米Akamai Technologies(Akamai)の日本法人アカマイテクノロジーズ(アカマイ)は3月2日、事業戦略発表会を開催し、Akamaiの今後のビジョンと戦略について説明を行った。

Akamaiは世界有数のコンテンツデリバリーネットワーク(CDN)事業者。世界135カ国4200超の拠点に分散するサーバ群によって、分散型のクラウドセキュリティーサービスを事業者に提供している。同社は2月14日、IaaSやコンテナ環境、ストレージ、データベースなどを提供するクラウドサービス「Akamai Connected Cloud」を発表した。

同発表会に登壇したAkamai CEO 兼 共同創業者のトム・レイトン氏は「業界をリードするソリューションを備えた世界で最も分散されたクラウドプラットフォームで勝負する」と語った。

  • Akamai CEO 兼 共同創業者のトム・レイトン氏

    Akamai CEO 兼 共同創業者のトム・レイトン氏

2023年第2四半期末に稼働を予定している新しい3つサイトには、Akamaiが2022年に買収した開発者向けクラウド・インフラ・プロバイダーの米Linodeから取得したすべてのクラウドコンピューティング・サービスが格納され、Akamaiが年内に世界中で展開予定の10カ所の新規コアサイトのテンプレートにもなるとしている。

また、新しいコアサイトの展開に加えて、従来のクラウドプロバイダーではカバーすることが難しいとされるネットワーク過疎地域に基本的なクラウドコンピューティング機能を提供するために、年内に分散型サイトを展開する予定の50超の都市を選定した。

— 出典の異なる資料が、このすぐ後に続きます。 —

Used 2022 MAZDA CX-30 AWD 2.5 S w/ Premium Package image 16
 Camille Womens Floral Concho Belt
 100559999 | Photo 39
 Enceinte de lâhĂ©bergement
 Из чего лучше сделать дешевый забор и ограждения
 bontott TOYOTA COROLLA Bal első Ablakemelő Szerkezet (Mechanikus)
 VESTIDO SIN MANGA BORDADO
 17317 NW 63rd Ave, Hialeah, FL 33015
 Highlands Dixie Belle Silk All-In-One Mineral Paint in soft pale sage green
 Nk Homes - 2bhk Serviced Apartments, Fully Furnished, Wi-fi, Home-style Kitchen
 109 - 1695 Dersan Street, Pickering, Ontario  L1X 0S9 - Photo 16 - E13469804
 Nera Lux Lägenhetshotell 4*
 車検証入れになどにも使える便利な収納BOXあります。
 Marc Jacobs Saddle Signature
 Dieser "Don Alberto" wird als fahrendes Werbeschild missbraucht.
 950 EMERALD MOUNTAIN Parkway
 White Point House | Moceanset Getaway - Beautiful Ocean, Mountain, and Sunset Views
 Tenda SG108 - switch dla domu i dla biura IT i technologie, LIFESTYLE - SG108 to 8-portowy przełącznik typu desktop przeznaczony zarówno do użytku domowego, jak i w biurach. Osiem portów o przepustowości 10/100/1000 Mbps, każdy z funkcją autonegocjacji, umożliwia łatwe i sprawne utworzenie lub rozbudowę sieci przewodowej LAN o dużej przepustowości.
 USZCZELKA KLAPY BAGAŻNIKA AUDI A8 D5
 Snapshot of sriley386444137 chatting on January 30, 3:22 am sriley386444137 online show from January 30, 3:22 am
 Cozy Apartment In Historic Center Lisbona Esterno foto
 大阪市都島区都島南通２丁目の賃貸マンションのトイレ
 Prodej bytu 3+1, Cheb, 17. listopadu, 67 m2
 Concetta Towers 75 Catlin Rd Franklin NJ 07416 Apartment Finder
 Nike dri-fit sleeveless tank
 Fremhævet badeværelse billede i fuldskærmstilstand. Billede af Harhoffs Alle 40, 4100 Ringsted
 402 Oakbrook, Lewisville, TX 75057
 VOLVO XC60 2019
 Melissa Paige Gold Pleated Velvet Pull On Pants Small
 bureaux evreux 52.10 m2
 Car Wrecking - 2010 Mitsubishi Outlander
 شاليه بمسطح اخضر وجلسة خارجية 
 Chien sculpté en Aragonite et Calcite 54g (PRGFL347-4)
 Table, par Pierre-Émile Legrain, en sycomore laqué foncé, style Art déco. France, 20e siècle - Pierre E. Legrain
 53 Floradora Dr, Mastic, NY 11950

さらに、クラウドのエグレス(クラウドから外に向かう通信)転送料の削減にも成功しているという。積極的な価格設定を行い同社独自のネットワークの効果を活用しCDN型の経済性をクラウドデータの転送にもたらした。「このエグレスの価格はハイパースケーラーや他のクラウドプロバイダーに比べるとかなり低い」と、レイトン氏は断言した。

続いてレイトン氏は、Akamai Connected Cloudが提供する3つのサービス「CDN」「サイバーセキュリティ」「クラウドコンピューティング」それぞれについて、今後のビジョンを説明した。

CDNについては、「スケーラビリティ、パフォーマンス、信頼性、効率性に優れた、世界トップクラスのアプリケーション配信プラットフォームであり続ける」(レイトン氏)と説明。

またサイバーセキュリティについては、「あらゆる形態のサイバー攻撃からエンタープライズとそのユーザーを守る」と述べた。続けて、「今、Webアプリケーションファイアフォール(WAF)だけのセキュリティでは不十分だ。サイバー攻撃者は常に進化しており、システムのIDやパスワードは簡単に盗めるような状況になってきている。認証を強化し、攻撃者やウイルスが侵入してきたとしても、拡大しないようにセグメンテーションをすることが必要だ」とセキュリティの重要性を説明した。

そして、クラウドコンピューティングについては「低コストで透明性の高い価格設定を行い、ビジネスとユーザーがつながる場所の近くで、開発者フレンドリーな使いやすいコンピューティングを提供していきたい」というビジョンを掲げた。「10年先のニーズを見据えたクラウドの構築を実現していきたい」(レイトン氏)

日本国内に向けてもAkamai Connected Cloudを積極的に展開していく。2022年現在、同社の顧客数は800社を超えており、「今後はクラウドコンピューティング事業を加速させていく」と、アカマイ 職務執行者社長の日隈寛和氏は意気込みを見せた。

  • アカマイ 職務執行者社長の日隈寛和氏

    アカマイ 職務執行者社長の日隈寛和氏

続けて日隈氏は、「キーワードは『コネクティッド』。超分散処理技術を生かして、つながる社会を作っていく。世界で最も分散されたクラウドプラットフォームから先進のソリューションを届けていきたい」と、発表会を締めくくった。